The side are in Group B with Australia, New Zealand and Pakistan and the diminutive batter admits that South Africa’s women will not have it easy facing any of the teams in the group.

“Australia will most probably be our toughest competition in the group stage. They are the current ICC World Twenty20 champions; probably giving them huge confidence going into the tournament.

“However, they are also under a lot of pressure to win this World Cup after recently defeating the current ICC Women’s World Cup champions, England, in the final of the ICC WT20. They are very good in all three aspects of the game and have quite a few star players with lots of experience like Lisa Sthalekar, Jodie Fields, Ellyse Perry, Alex Blackwell, Jess Cameron and Meg Lanning,” admitted du Preez.

New Zealand, the runners up from the 2009 event will also prove a big challenge says the 23-year-old from Pretoria: “Facing the runners-up from the last ICC Women’s World Cup in our opening game, televised and under lights is definitely going to be a big challenge for us. They are also a very strong side and have made it to the semi-finals and finals numerous times in both formats.

“We have recently played them in the ICC World Twenty20 and we saw that the gap between us and them has definitely closed. We know what we can expect from them, so we just have to work on a few things from our side and ensure that when the momentum is on our side, we need to keep it with us. They also have a lot of experienced players like captain Suzie Bates, bowler Nicola Browne plus the likes of Sara McGlashan, Sian Ruck and Amy Satterthwaite.”

Pakistan makes up Group B and they are a side that South Africa is targeting in its bid to qualify for the Super Sixes section of the tournament. “Playing against a sub-continent side in the sub-continent is never going to be an easy task especially with the way they have improved over the past few years,” admitted du Preez.

“However, Pakistan will be our main target to help us secure a spot in the Super Sixes. We have quite a good track record against Pakistan and hopefully we can keep it that way. In our recent encounter at the ICC World Twenty20, we had managed to come out on top and have a bit of momentum going for us. Their bowling attack is very powerful and they also have star players like Sana Mir, Nain Abidi, Bismah Maroof and Javeria Khan.”

 

The prospect of playing in India is one that du Preez is relishing: “I am extremely excited about playing in India. I have travelled to the country before, to film the ICC WT20 advertising campaign, but this will be my first time playing in India and I can’t wait. I think it will be an amazing experience to playing cricket in a country where cricket is almost like a religion – I am literally counting the sleeps until we arrive!”

 

“I think with the improvement we have shown it is clear that we are catching up with the rest of the world,” admits du Preez when talking about her own side. “We definitely have the talent and the skills, I think we just need to play a lot more competitive cricket in order to gain experience and to learn from those experiences.

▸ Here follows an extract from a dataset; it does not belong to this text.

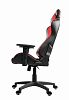 Игровое кресло для геймеров  Arozzi Mezzo V2 Red - фото 2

“We are currently in the West Indies to play some competitive cricket and to prepare us for the World Cup. I also think we can focus a bit more on the mental-side of things and work on our mental toughness and self-belief.”

With regards to self-belief, du Preez believes the mind-set of her side will be key for the tournament as the change from 20-overs to 50-overs isn’t seamless.

“I think the biggest challenge going from an ICC World Twenty20 to an ICC Cricket World Cup is the mind-set shift that is required and then adapting your skill to the different format. I believe it’s definitely going to take brilliant individual performances within the team environment to help us to do well in the ICC Women’s World Cup and every single player is going to play a vital role.

“With the 50-over World Cup, fitness is going to play a vital role in the hot and humid India. Thus a lot of our time is currently spent on getting us as fit as possible while working on different aspects of our individual game. We recently had a structure change and we now have a new coach and we are certain that seeing things from his different perspective will also add value,” concluded the Proteas’ captain.